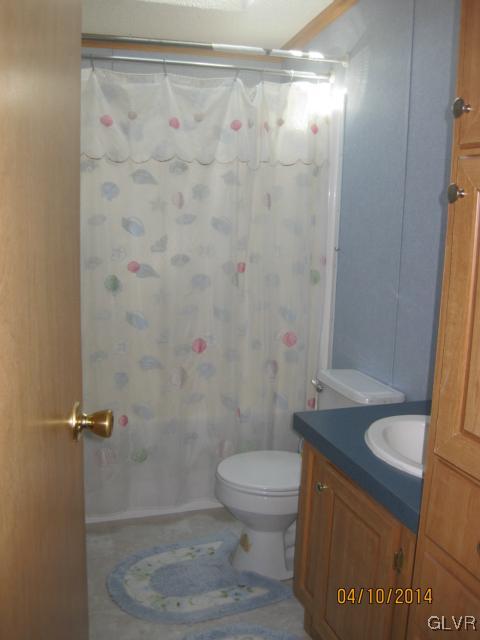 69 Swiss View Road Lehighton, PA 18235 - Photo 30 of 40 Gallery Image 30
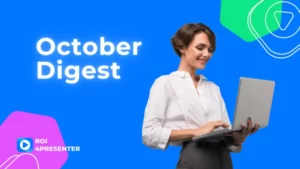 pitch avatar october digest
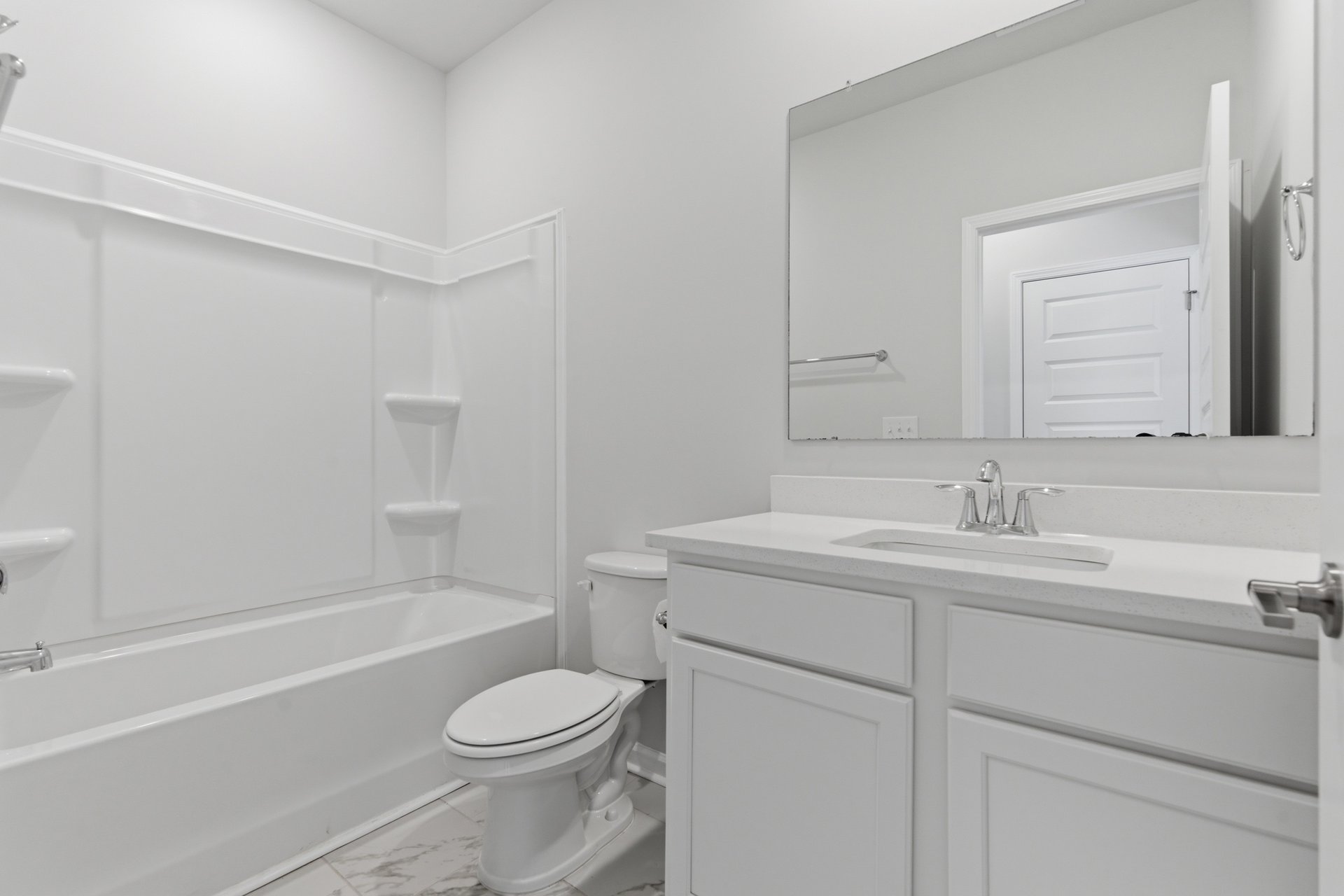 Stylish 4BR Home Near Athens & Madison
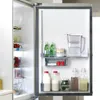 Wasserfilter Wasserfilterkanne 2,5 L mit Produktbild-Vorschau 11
_ _ _ _ _ _ _
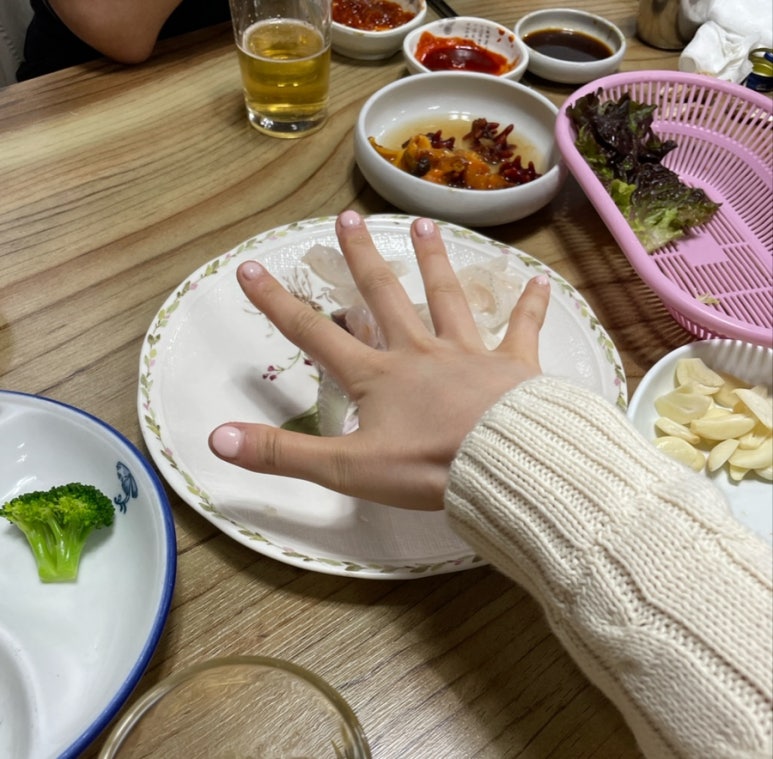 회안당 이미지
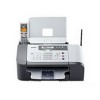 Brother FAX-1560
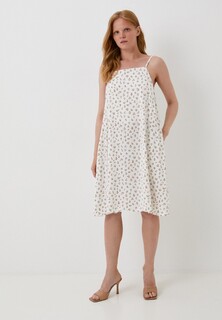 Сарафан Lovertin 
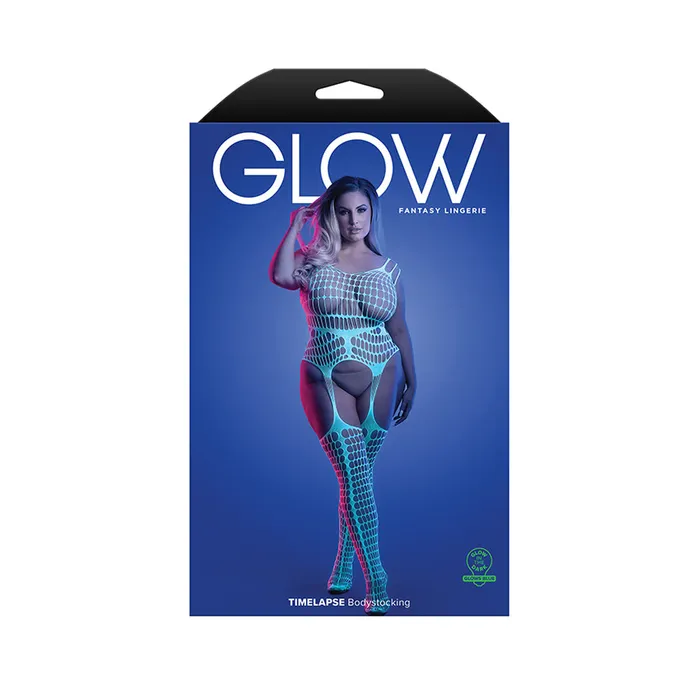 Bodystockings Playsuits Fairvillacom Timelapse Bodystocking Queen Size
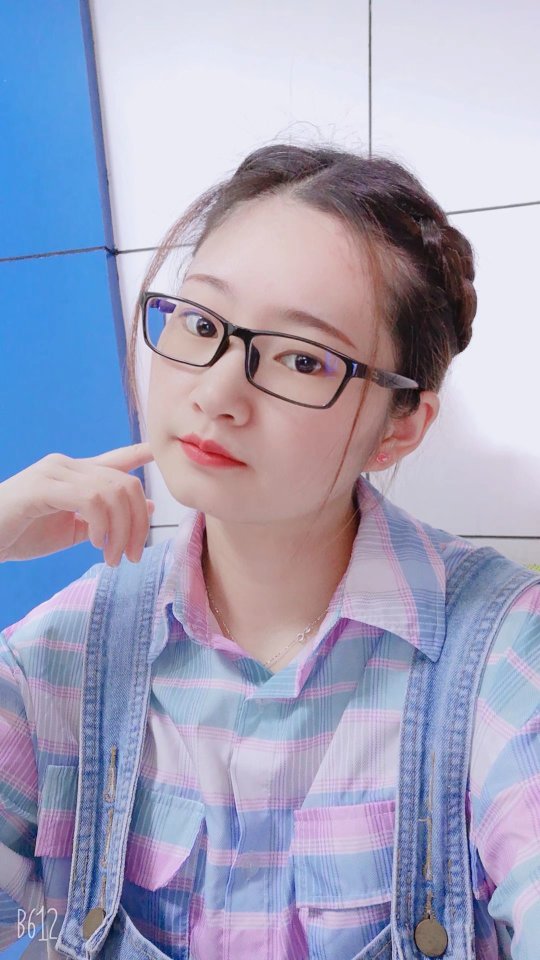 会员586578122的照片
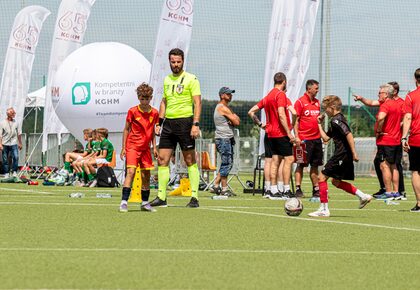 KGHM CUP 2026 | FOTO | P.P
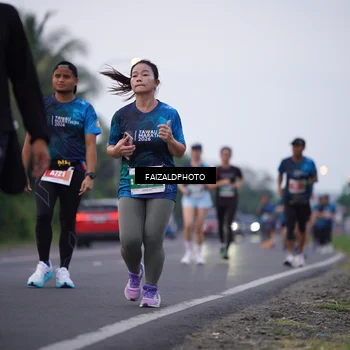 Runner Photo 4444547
_ _ _ _ _ _ _
Up in the listing, locate the line with "69 Swiss View"; print it and every line after it down to the line with "Wasserfilter Wasserfilterkanne 2,5", which is included too. Skip the pictures.

 69 Swiss View Road Lehighton, PA 18235 - Photo 30 of 40 Gallery Image 30
 pitch avatar october digest
 Stylish 4BR Home Near Athens & Madison
 Wasserfilter Wasserfilterkanne 2,5 L mit Produktbild-Vorschau 11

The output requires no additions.